For my Java modernization project, I opted for a simpler linear sequence. The reason is practical: you generally don’t want two refactoring operations modifying the same codebase concurrently. Even if two operations target different concerns, having parallel tools rewriting code leads to merge conflicts, inconsistent intermediate states, and chaos. Sequential execution with clear handoffs is more predictable.

What I kept from the paper’s approach was the context isolation. Each refactoring operation gets its own scoped context containing only its specification and the outcomes of prior operations. The agent never sees the full history of every analysis and transformation that came before.

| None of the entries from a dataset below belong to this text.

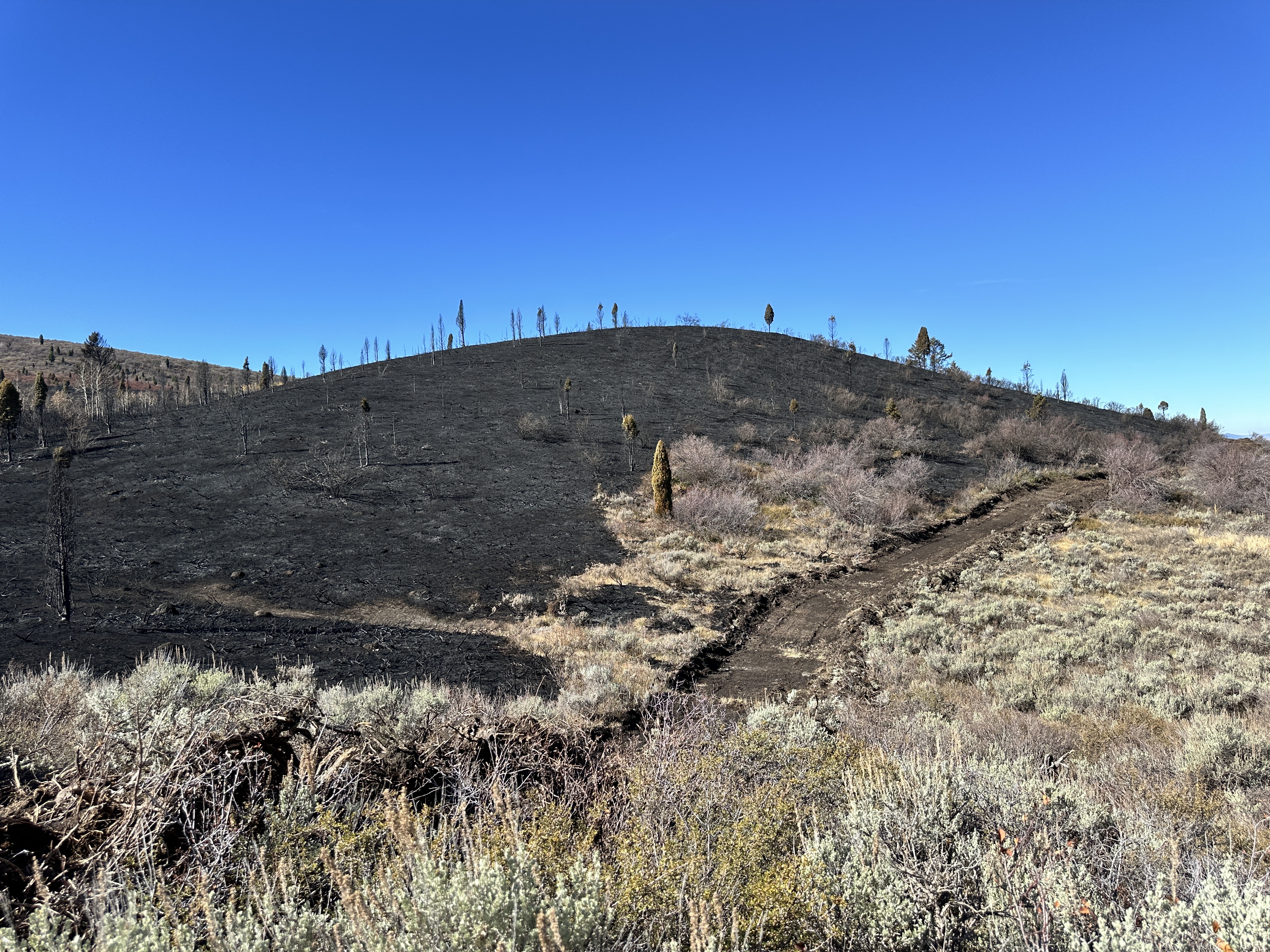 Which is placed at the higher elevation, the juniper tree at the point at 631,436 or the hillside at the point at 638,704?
the juniper tree at the point at 631,436

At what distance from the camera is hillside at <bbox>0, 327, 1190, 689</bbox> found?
13.2 meters

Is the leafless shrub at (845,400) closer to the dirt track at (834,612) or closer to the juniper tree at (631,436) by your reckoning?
the juniper tree at (631,436)

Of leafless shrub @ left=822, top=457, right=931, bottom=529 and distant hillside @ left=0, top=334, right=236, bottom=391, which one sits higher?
distant hillside @ left=0, top=334, right=236, bottom=391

The DAG structure matters if your sub-tasks are truly independent and can execute in parallel. For code modification, the real win is context scoping, not parallelization.

The 82% Token Reduction#

The paper reports up to 82% reduction in token consumption compared to baselines. This number resonated with my experience. When each sub-task only needs to see its own context plus explicit outputs from dependencies, you eliminate the redundant re-processing of historical context.

For a project running many agent invocations, this translates directly to cost and latency improvements.

Enabling Self-Hosted LLMs#

The token reduction has a second-order benefit that matters for some deployments: it makes self-hosted models viable.

With the all-at-once approach, context windows grew large enough that only frontier models could handle them reliably. Claude and GPT-4 managed fine, but locally-running models choked on the accumulated context. This created an uncomfortable dependency on external APIs for what could otherwise be an air-gapped, self-hosted solution.

With subgoal-local contexts, each operation sees a focused slice of information. The context stays small enough that capable open-weight models can complete the modernization tasks successfully. For organizations with data sovereignty requirements or cost constraints on API usage, this is the difference between “possible” and “not possible.”

Practical Takeaways#

If you’re building agents for complex, multi-step tasks:

Identify natural task boundaries where context can be isolated
Make dependencies between sub-tasks explicit rather than implicit in the conversation flow
Design for sub-task recovery without requiring full re-planning
Consider whether your task structure is actually a DAG rather than a linear sequence

The paper’s approach is training-free, meaning you can apply these architectural patterns to any capable LLM without fine-tuning. That makes it immediately practical for production systems.

The full paper is worth reading for the formal framework and benchmark results: Task-Decoupled Planning for Long-Horizon Agents.